Kooky is Phil and Alex. And sometimes Kooky is Alex and Phil. But always with a lot of calling in favours from our friends. In particular we would not have existed without the encouragement and support of our friend Keith Jenkins (Wurlitzer Jukebox).

We started the label in 1996 with the money Alex got in compensation for a beating he took at the Shepherds Bush Empire. A small amount of money for a big kicking, but on the up-side, it was also enough to put out a split single featuring our chum Mick Harrison from Prolapse (Ears Go FFF!). Friends were dismayed that the NME described it as "the sound of killing flies with a Black and Decker sander", but we were thrilled. We sold out on pre-sale.

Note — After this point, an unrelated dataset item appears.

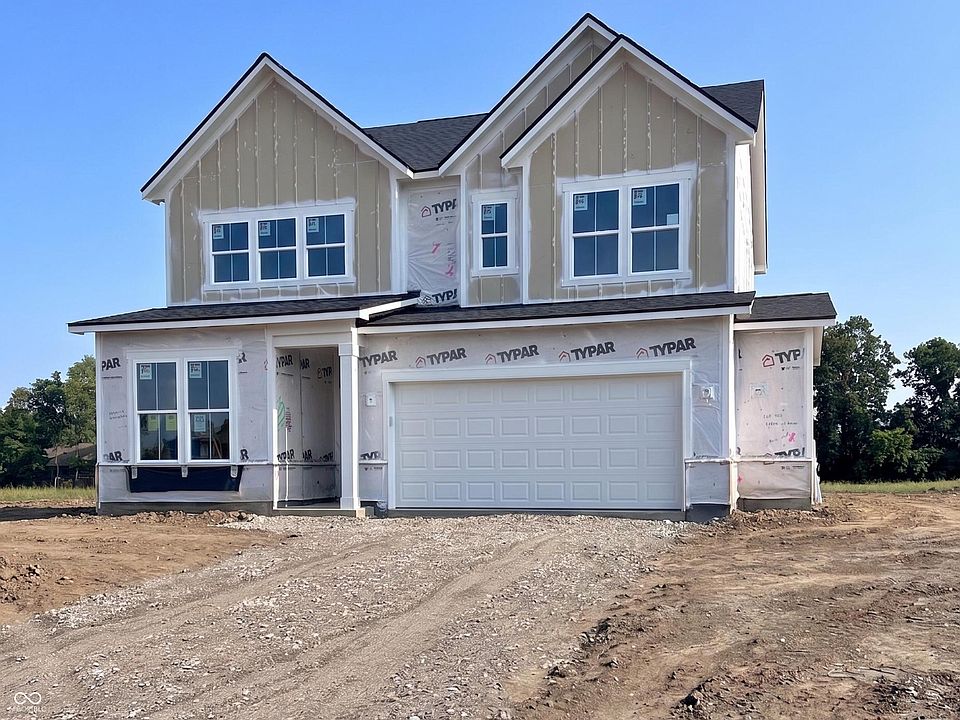 1st image of 3421 Garnet Dr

True Collectors must collect

And hark; the major labels are crying out that illegal downloading is killing music. Our considered response is "Ha, ha, ha". We at Kooky have always encouraged people to share our releases with friends. Our only compilation, 'Fear of obsolescence' Kookydisc 13, was a D-I-Y tape companion to compile yourself. In truth, the release was just a free tape cover but this was our way of responding to the calls we were getting to put out a CD collection of our hard to find early releases. It all seemed too formulaic. Put out a number of singles and then whack them all out on a CD.

"Who cares?" I hear you cry. Well, people did, and people still do. "True Collectors must collect" Sean O'Hagan sings on 'Checking In and Checking Out', Alpaca Park 1995. We're still enormously proud of our 169 maroon vinyl Seafood singles with glorious sleeves hand printed (literally) by the band. Its crazy, but its true; people were writing expressly to request one of the limited few with Charles big thumb prints. The band have all subsequently exhibited at the annual RCA postcard exhibition alongside Damien Hirst, Tracey Emin et al, so I hope that you have your copy cosseted in bubble wrap.

We can't pretend that all our releases have become collectors items but we've had enormous fun over the years sticking moving eyes on the first 150 Pram singles and making 90 handmade sleeves for our limited clear vinyl Plaza (It's Jo and Danny) / Joe Whitney (Flaming Stars) split single. Who knows, perhaps our finest hour will prove to have been our gnac/L'augmentation/Topper three single set bound in steel and ribbon.

And hey, just because chart singles are now outsold by ringtones, why should it diminish the buzz we get from pressing the first 10 copies on orange vinyl?